Competition from other businesses
The Company will compete in a competitive market with several established coffee shops and cafes. The Company expects competition to increase in the future. If and when the Company expands the scope of its product and service offerings, it may compete with a greater number of companies across a wider range of products and services. Many of the Company's current competitors and potential new competitors may have longer operating histories, greater name recognition, larger client bases and significantly greater financial, technical and marketing resources than the Company. These advantages may allow them to respond more quickly to new or emerging technologies, changes in laws or regulations, and changes in client and/or user requirements. There can be no assurance that the Company will be able to compete successfully in its chosen markets and competitive pressures may materially and adversely affect the Company's business, prospects, financial condition and results of operations. Any significant success of the Company's competitors can damage relationships with its customers and service providers, diminish the Company's market share, and present significant obstacles to the further development of the Company.
Existing and potential litigation
Although management is unaware of any threatened or pending litigation against the Company or management, there can be no assurance that future claims will not be asserted and that, even if without merit, the cost to defend against such claims would not be significant, thus having a material adverse effect on the Company's business, financial condition and results of operations. The Company has never filed any lawsuit against any other person or entity, or been the subject of a lawsuit.
Need to maintain existing, and develop new products and services
The success of the Company is dependent upon the Company's ability to develop and introduce in a timely manner new products and services that incorporate technological advances, keep pace with evolving industry standards, and respond to changing customer requirements. If the Company is unable to develop and introduce new products and services or enhancements in a timely manner in response to changing market conditions or customer requirements, the Company's business, financial condition and results of operations would be materially adversely affected.
Control of the Company
The managers, officers and/or directors comprising the Company’s management team will have sole management authority over the business of the Company, regardless of the opposition of Investors to pursue an alternate course of action. Investors will not become members of the Company and shall have no voting, dividend, minority ownership rights, or other rights or status as a member of the Company as a result of his, her or its investment. Investors will have no right to vote with respect to the management or to participate in any decision regarding management of the Company’s business.

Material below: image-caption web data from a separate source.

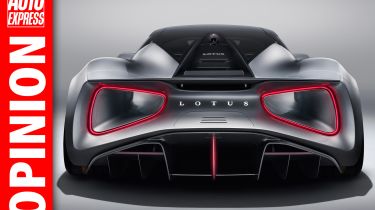 “Lotus Evija标志着吉利下品牌的转折点”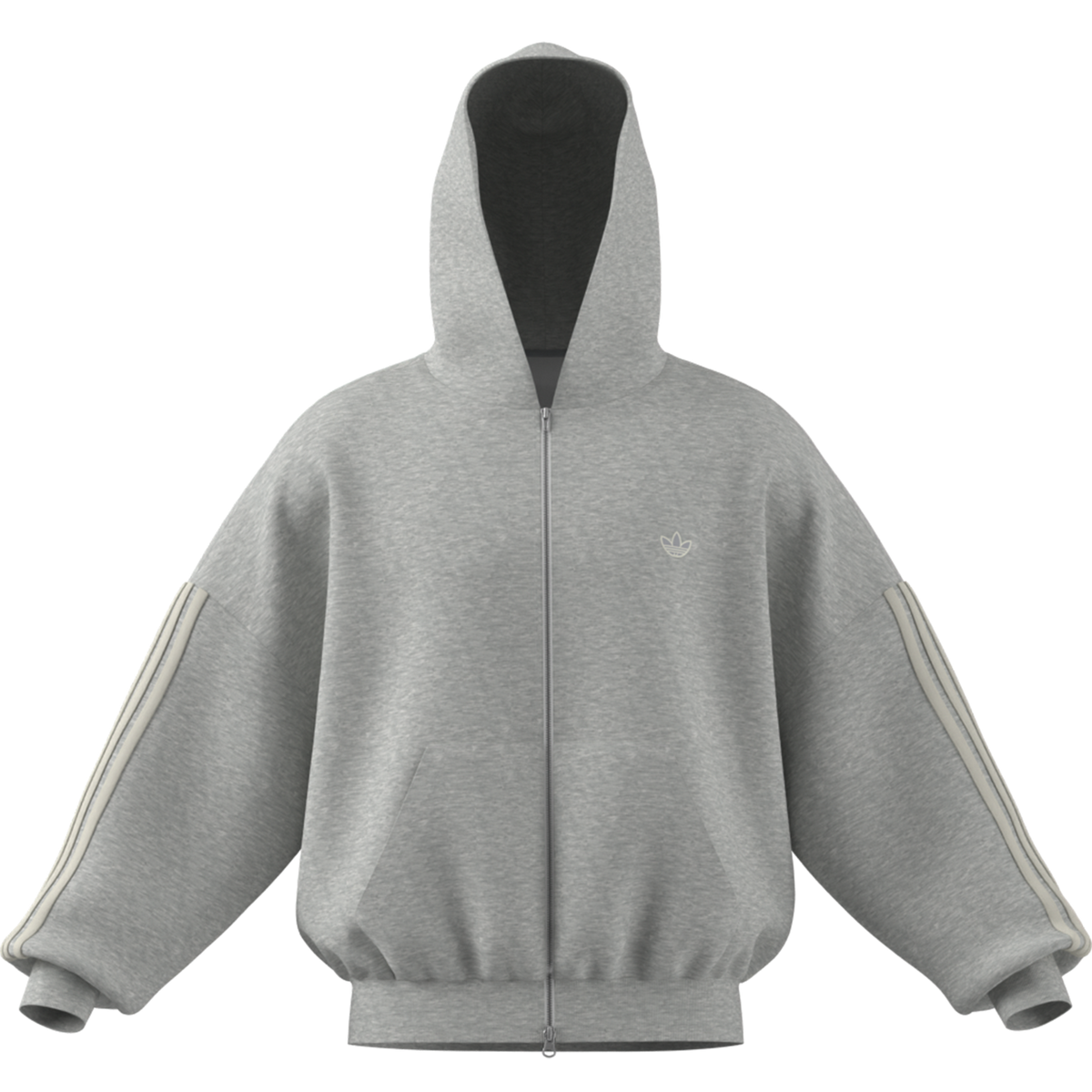 adiSignature 3 Stripes Full Zip Hoodie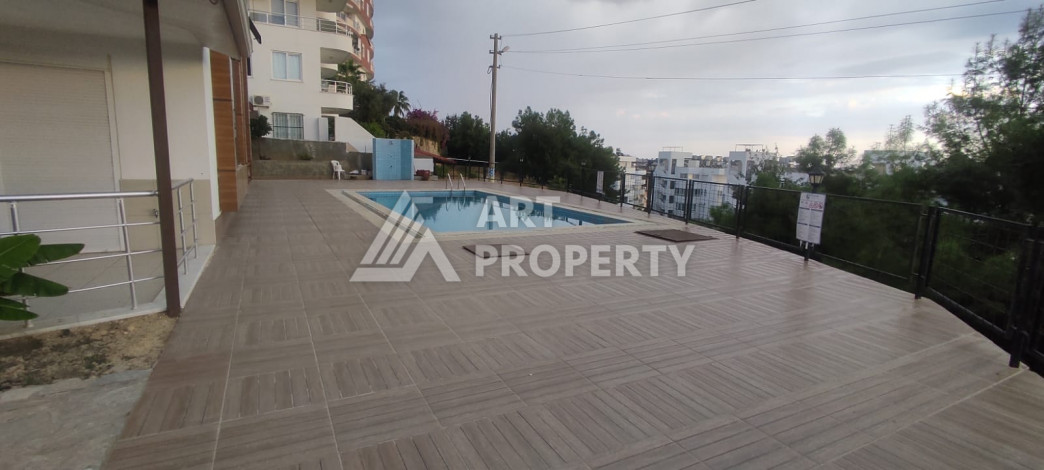 Апартаменты дуплекс планировки 4+1, 150м2 в районе Авсаллар - Ракурс 31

The Company is obligated to indemnify its management
Executive officers and managers of the Company owe certain duties to the Company they serve in connection with the use of its assets. Executive officers and managers are fiduciaries, and as such are under obligations of trust and confidence to the Company and owners to act in good faith and for the interest of the Company and its owners, with due care and diligence. Notwithstanding the foregoing, the Company is obligated to indemnify officers and managers of the Company for actions or omissions to act by such officers and managers of the Company on behalf of the Company that are authorized under the organizational documents of the Company. In addition, an officer may be entitled to advancement of expenses they may incur associated with or in defense of charges, claims or legal action arising from such person’s position as an officer or manager of the Company, which could result in a decrease in the assets available for Investors in certain circumstances. The assets of the Company will be available to satisfy these indemnification obligations. Such obligations will survive dissolution of the Company. There are very limited circumstances under which the management of the Company can be held liable to the Company. Accordingly, it may be very difficult for the Company or any Investor to pursue any form of action against the management of the Company.
Limited ability to protect intellectual property rights
The Company will rely on intellectual property laws to protect certain recipes, branding and trade secrets, all of which offer only limited protection. The Company has not applied for, and has no plans to apply for, intellectual property protection through trademarks or patents. Failure to adequately protect its intellectual property from current competitors or new entrants to the market could have a material adverse effect on the Company's business, operating results, and financial condition. Additionally, the Company may become subject to third-party claims that it infringed upon their proprietary rights or trademarks. Such claims, whether or not meritorious, may result in the expenditure of significant financial and managerial resources, injunctions against the Company or the payment of damages by the Company.
The Company is required to hold certain licenses and permits
The Company operates in a highly regulated industry as a food service business. In order to operate the Company, must maintain various state and federal licenses to permit the activities contemplated by the business model. The Company has not yet secured the regulatory permits and licenses necessary to begin operations and commence retail sales. The Company expects to have all necessary licenses and permits in place in the coming months, however there is no guarantee they will be successful in doing so. If the Company is unable to secure the necessary licenses and permits its financial and operational results may be adversely affected. In addition, the violation of the requirements associated with the provision of these permits and licenses could result in fines, a cease and desist order against the subject operations or even revocation or suspension of the Company’s license to operate the subject business.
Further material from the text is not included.